Ces actifs, appartenant à la banque centrale russe, étaient initialement investis dans des obligations d’État à court terme servant de réserves nationales en devises étrangères. Toutefois, ces obligations sont arrivées à échéance et s’accumulent désormais sous forme de liquidités.
La majeure partie de ces fonds, soit 183 milliards d’euros, est conservée chez Euroclear, une chambre de compensation belge spécialisée dans les transactions financières.
La situation est d’autant plus complexe que, selon le droit international, les actifs des banques centrales détenus à l’étranger bénéficient d’une immunité juridictionnelle.
"Un jugement ordonnant au gouvernement de saisir les actifs russes serait illégal en vertu du droit international et du droit national, qui l’intègre", explique Federico Luco Pasini, professeur de droit financier à l’Université de Durham.
Ainsi, un tribunal national ne peut pas statuer en faveur d’une telle saisie : une décision exécutive est nécessaire, soit sous la forme d’un décret gouvernemental, soit par le biais d’un règlement de la Commission européenne.
Néanmoins, des solutions alternatives existent. "Si un gouvernement prend une décision exécutive pour saisir ces actifs, il pourrait ainsi contourner ce problème", ajoute Federico Luco Pasini.
La seule option : une contre-mesure
Selon le droit international, la saisie des actifs russes ne peut être légale que si elle est considérée comme une contre-mesure. Ce mécanisme permet aux États de réagir à une violation du droit international commise par un autre État.
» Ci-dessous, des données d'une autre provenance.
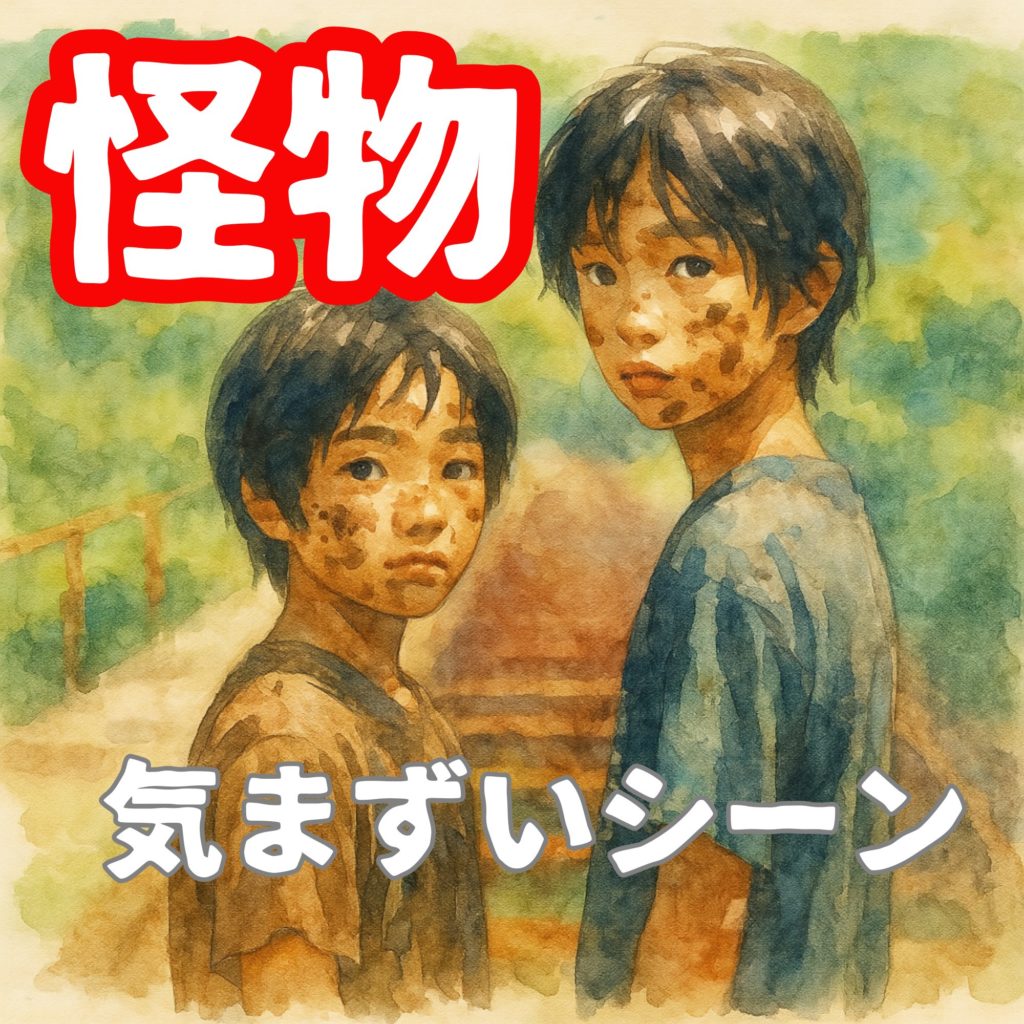 怪物 映画 気まずいシーンとグロい描写が示すラストの真実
Toutefois, une contre-mesure doit être temporaire et réversible, ce qui suscite des débats parmi les experts en droit. "Une contre-mesure vise à inciter un État à se conformer au droit, ce n’est pas une sanction", précise Federico Luco Pasini.
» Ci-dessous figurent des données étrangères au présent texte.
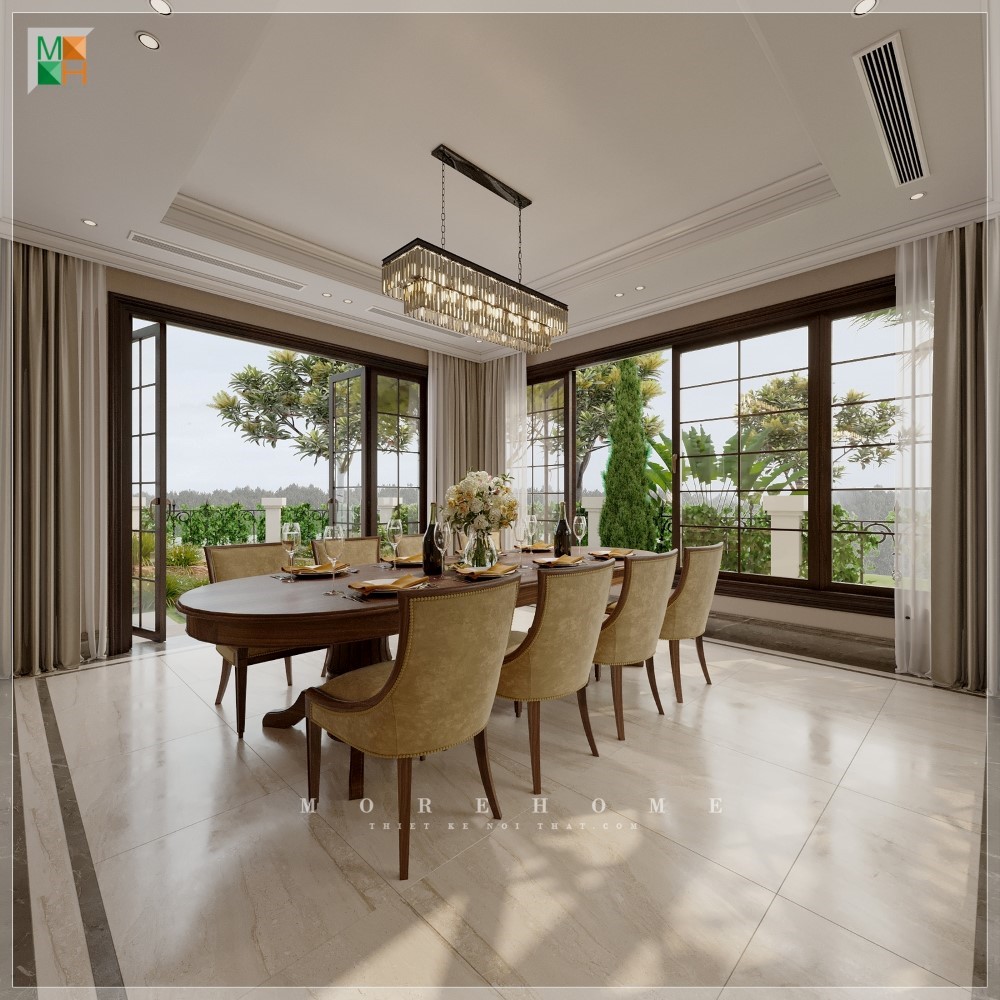 Thiết kế nội thất biệt thự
"En d’autres termes, la Russie devrait avoir la possibilité de dire : "Je suis désolé, je vais rectifier mes actes, payer des réparations, et dans ce cas, vous devez me restituer mes actifs’", poursuit-il.
Depuis l’invasion à grande échelle de l’Ukraine par la Russie, l’UE, les États-Unis et leurs alliés ont gelé un total de 274 milliards d’euros (300 milliards de dollars) d’avoirs russes.
La saisie des intérêts jugée légale
Bien que les actifs eux-mêmes n’aient pas été confisqués, en mai 2024, les États membres de l’UE ont commencé à utiliser les intérêts générés par ces fonds gelés pour financer l’armée ukrainienne.
"Cette pratique est conforme au droit, car la jurisprudence reconnaît que l’utilisation des intérêts satisfait aux exigences d’une contre-mesure", affirme Federico Luco Pasini.
Les experts justifient cette approche en expliquant que la perte d’intérêts ou de profits constitue un préjudice financier rarement irréversible.
Ainsi, cette mesure répond aux critères d’une contre-mesure, qui doit être temporaire et réversible.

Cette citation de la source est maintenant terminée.